Oft werde er gefragt, wie sich Vertrauenskultur einführen lasse. „Ganz einfach: Ich muss selbst damit beginnen.“ Sehr selten komme es vor, dass jemand dieses Vertrauen missbrauche. „Warum soll ich 98 Prozent mit ständiger Kontrolle bestrafen, nur weil vielleicht zwei Prozent Grenzen überschreiten?“
Führung sei auf diese Weise viel einfacher, so könne auch er seine Arbeitszeit reduzieren. Noch etwas: Mitarbeitern werde vielfach zu wenig zugetraut, sagt Schmidbauer. Dabei hätten sie viel Gestaltungswillen und seien motiviert.
„Für die Leistungsbereitschaft bin ich nicht zuständig“, sagt er. Für die Leistungsfähigkeit schon: Daher bietet er Aus- und Weiterbildung an. Zusätzlich bekommt jeder Mitarbeiter jährlich den Biogena-Bildungstausender für Weiterbildung zur freien Verfügung: gleich, ob für ein Persönlichkeitstraining, den Führerschein oder einen Malkurs.
Gesundheit ganzheitlich sehen
Eine Eröffnung feierten Albert Schmidbauer und seine Frau Christine bereits vor wenigen Tagen: In der Wiener Stumpergasse bieten sie im Gasthaus „Zum Wohl“ 100 Prozent laktose- und glutenfreie Gerichte an. Die Entscheidung dafür sei einfach gewesen, sagt Schmidbauer. Immer mehr Menschen seien mit Lebensmittelunverträglichkeiten konfrontiert.

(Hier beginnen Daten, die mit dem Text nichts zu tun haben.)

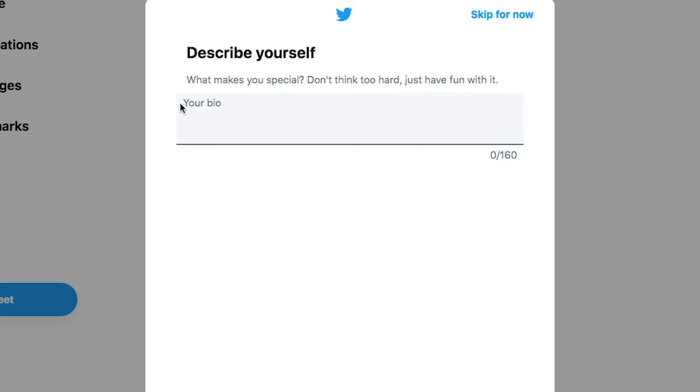Share a little bit about yourself or your class using the bio page or skip for now.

Da sei es für Unternehmer, denen Gesundheit in jeder Hinsicht am Herzen liege, klar, sich zu engagieren. Überhaupt hat Schmidbauer seinen eigenen Zugang zu Entscheidungen gefunden. „Entschieden muss nur werden, was nicht auf der Hand liegt.“ Eben dann, wenn es für alle Alternativen gleich schwerwiegenden Argumente gebe. Das halte er auch mit seinen Mitarbeitern so – entsprechend der Unternehmenswerte Vertrauen, Verantwortung, Wertschätzung und Mut: „Mitarbeiter sollen selbstständig Entscheidungen treffen können.“
ZUR PERSON
Albert Schmidbauer (46) war zunächst als Unternehmensberater tätig. 2006 gründete der promovierte Betriebswirt in Salzburg Biogena und konzentrierte sich erfolgreich auf die Entwicklung von Nahrungsergänzungsmitteln. Da ihm das Thema Gesundheit in jeder Hinsicht ein Anliegen ist, eröffnete er vor wenigen Tagen mit seiner Frau Christina in Wien das Gasthaus „Zum Wohl“, das laktose- und glutenfreie Gerichte serviert.